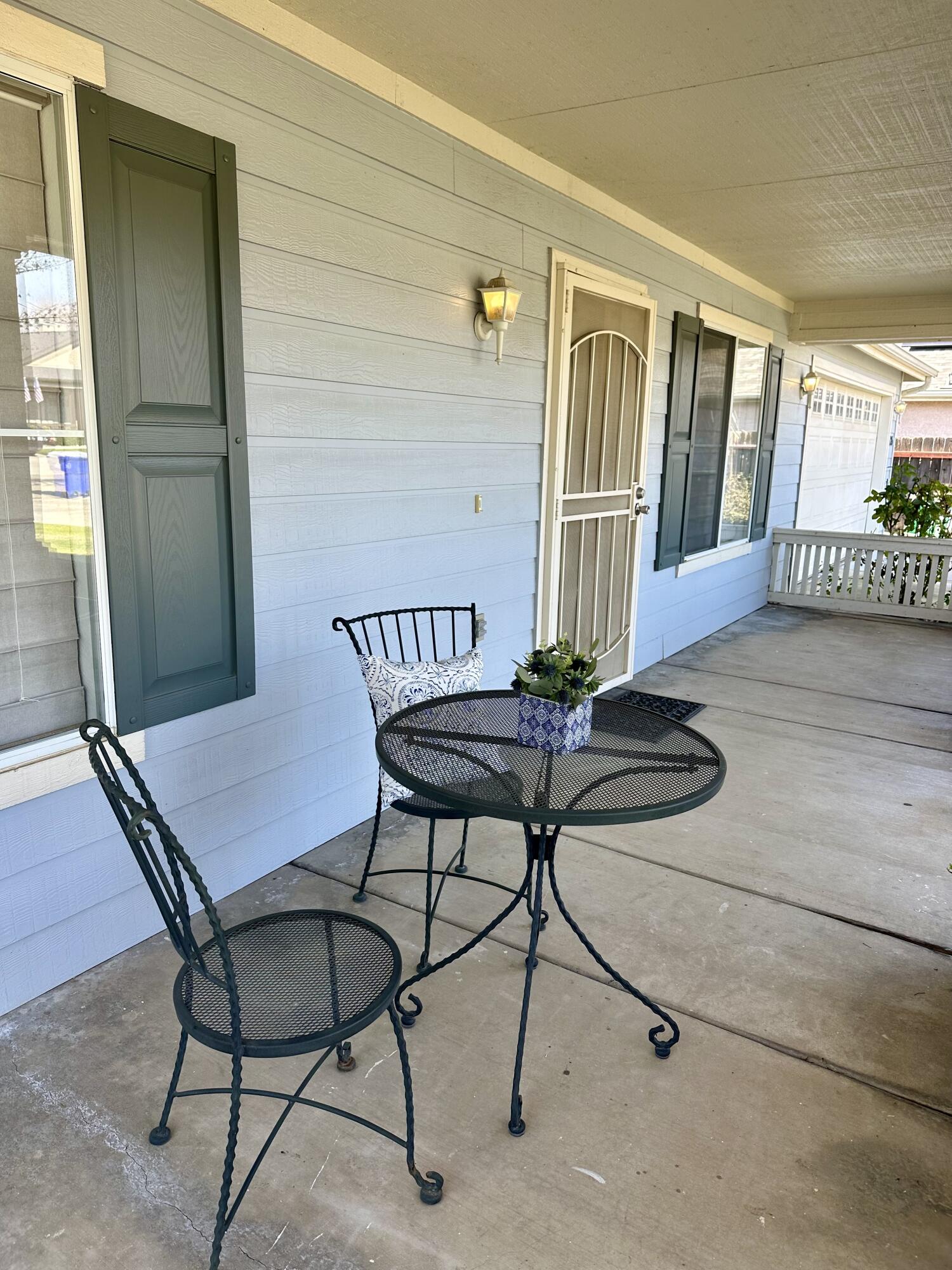 1126 Bradley Ct, Exeter, CA 93221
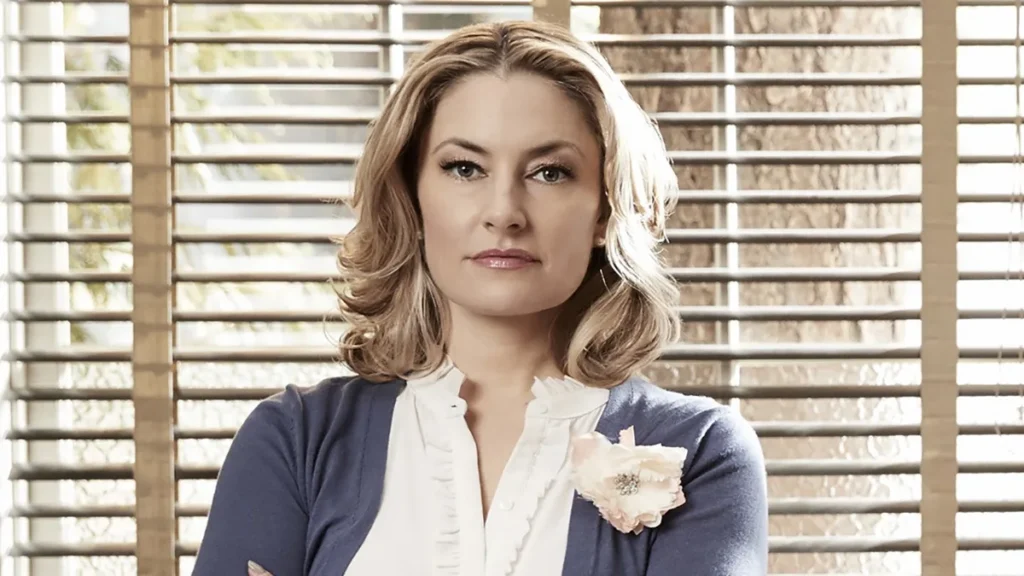 Riverdale: Review, Story, Cast, Episodes, Release Date, Budget & More Mädchen Amick as Alice Cooper (née Smith)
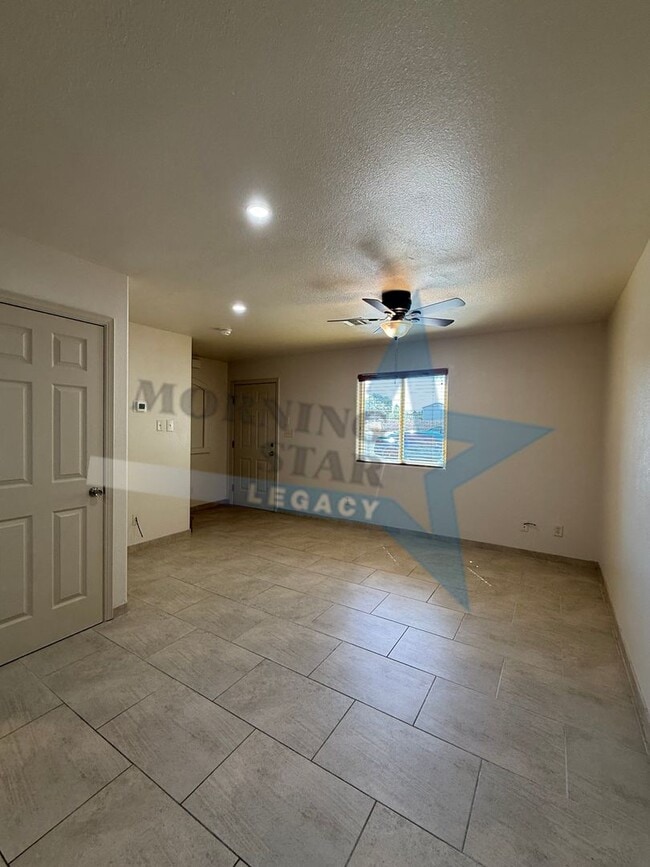 Building Photo - 2-Bedroom Townhome Apartment - Available Now!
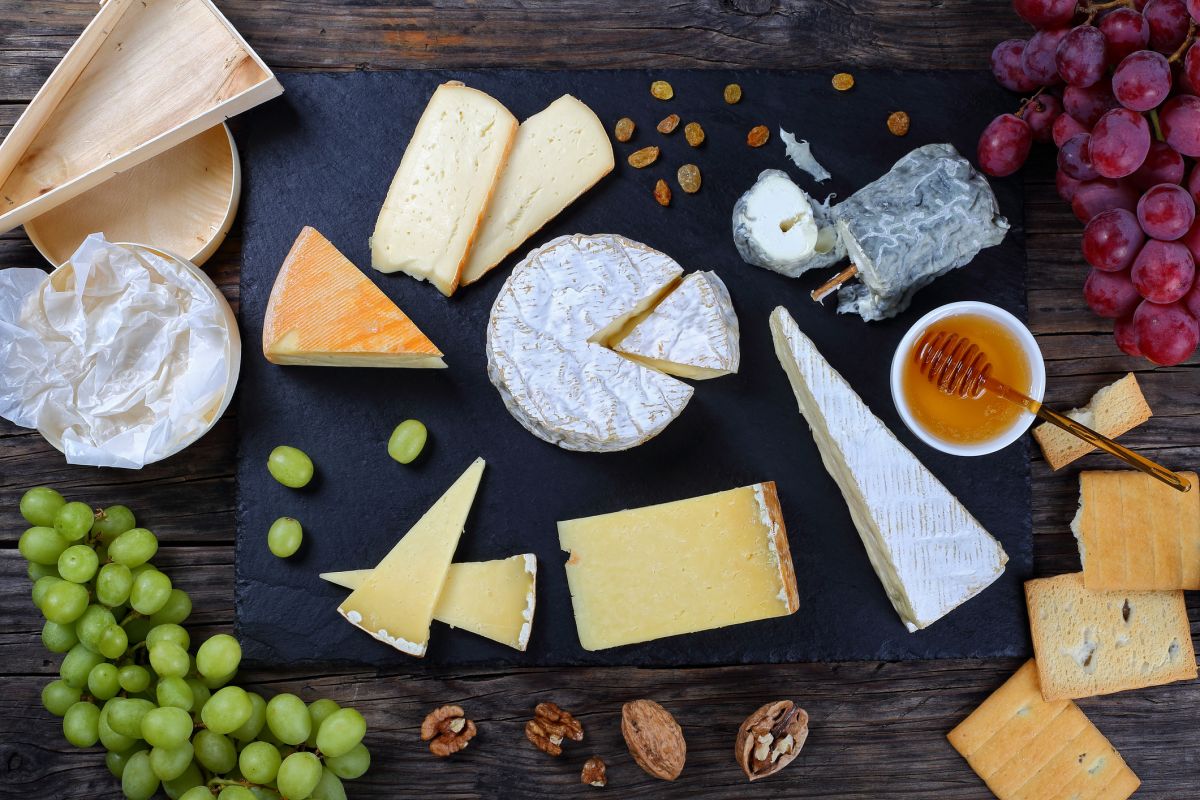 la découverte étonnante : le plus vieux fromage du monde retrouvé en égypte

▬▬▬

WORK TO BE COMPLETED: Please copy the data shown above, line by line and exactly, omitting the images.

COMPLETED TASK:
 1126 Bradley Ct, Exeter, CA 93221
 Riverdale: Review, Story, Cast, Episodes, Release Date, Budget & More Mädchen Amick as Alice Cooper (née Smith)
 Building Photo - 2-Bedroom Townhome Apartment - Available Now!
 la découverte étonnante : le plus vieux fromage du monde retrouvé en égypte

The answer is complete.